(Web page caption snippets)

((

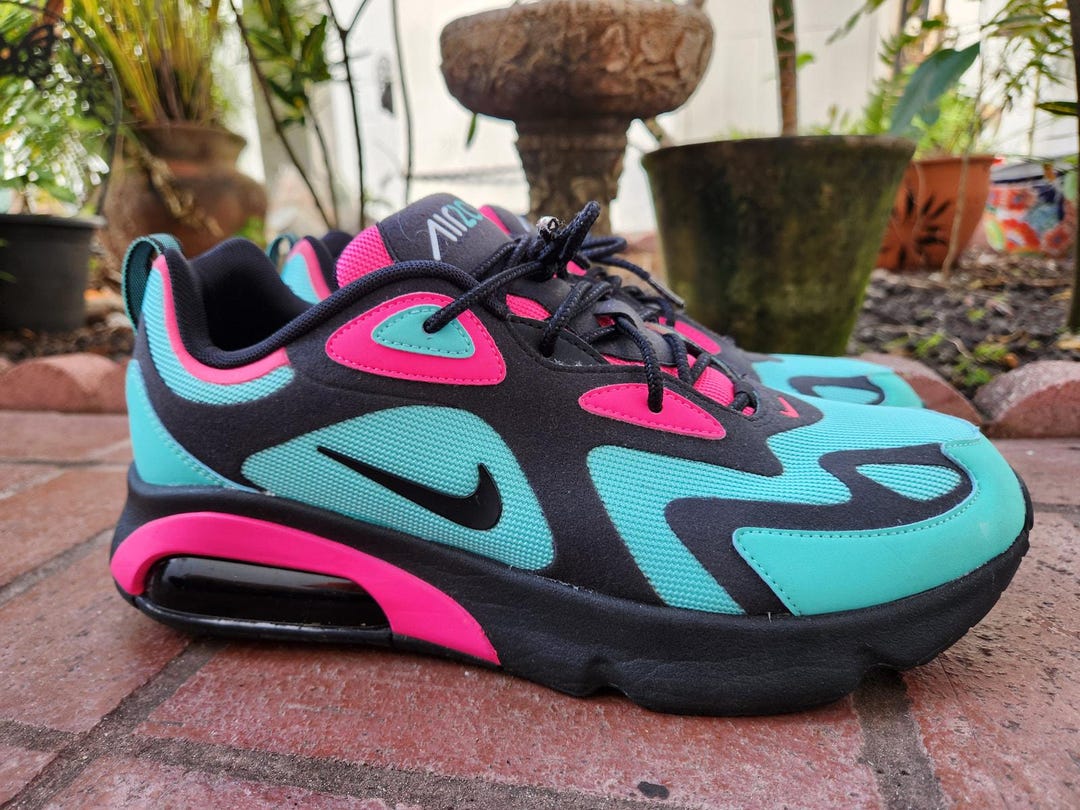 nike air max 200 blue and pink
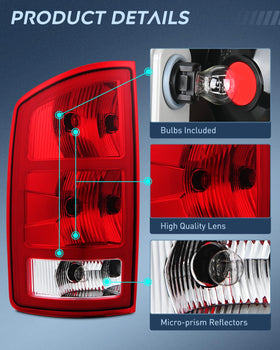 Nilight taillight scale comparison with hand showing correct size fit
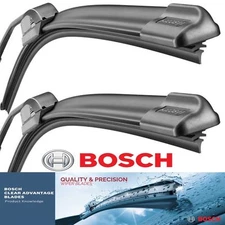 2 pcs Wiper Blades Bosch Clear Advantage Fits 1974-1977 Ford Maverick Left Right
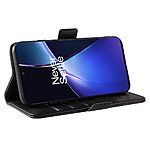 Θήκη OnePlus Nord CE4 Lite 5G YIKATU Folio Series 003 με βάση στήριξης, υποδοχή καρτών και μαγνητικό κούμπωμα Flip Wallet από συνθετικό δέρμα και TPU μαύρο - Image 3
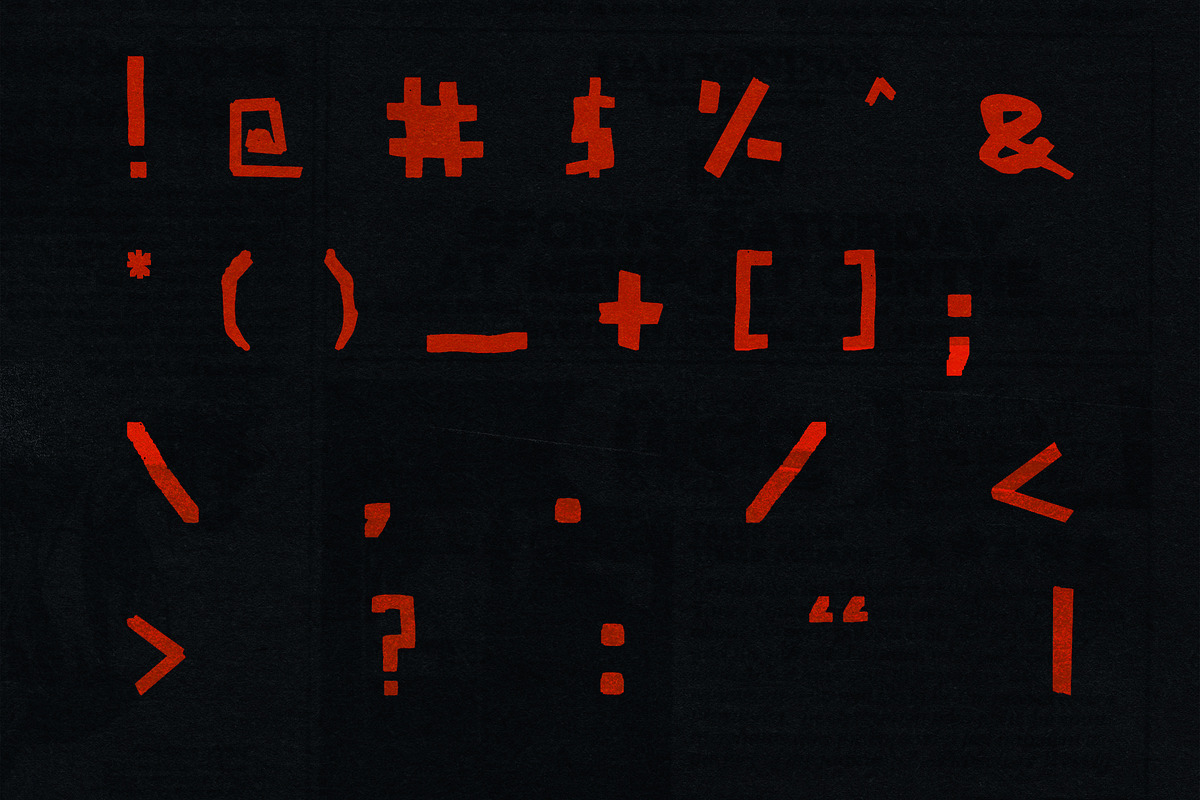 Anti-Font #4, a Blackletter Font by bbymedia.store (Photo 3 of 3)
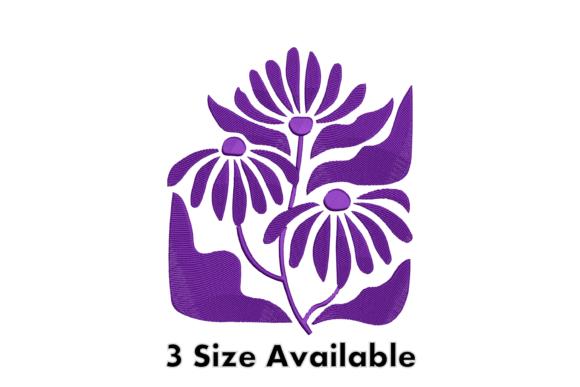 Purple Abstract Floral Embroidery File Review for Seasonal Use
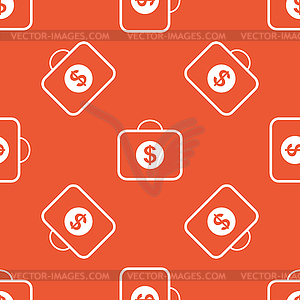 Оранжевый доллар мешок шаблон - изображение в формате EPS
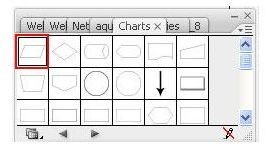 Adobe Illustrator CS3 Buttons Charts Box as shot by Amanda Presley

))

**What is needed**
In the answer, include exactly the lines from the one containing "Anti-Font #4, a" through the end of the records above and no pictures at all.

**Result of the task**
 Anti-Font #4, a Blackletter Font by bbymedia.store (Photo 3 of 3)
 Purple Abstract Floral Embroidery File Review for Seasonal Use
 Оранжевый доллар мешок шаблон - изображение в формате EPS
 Adobe Illustrator CS3 Buttons Charts Box as shot by Amanda Presley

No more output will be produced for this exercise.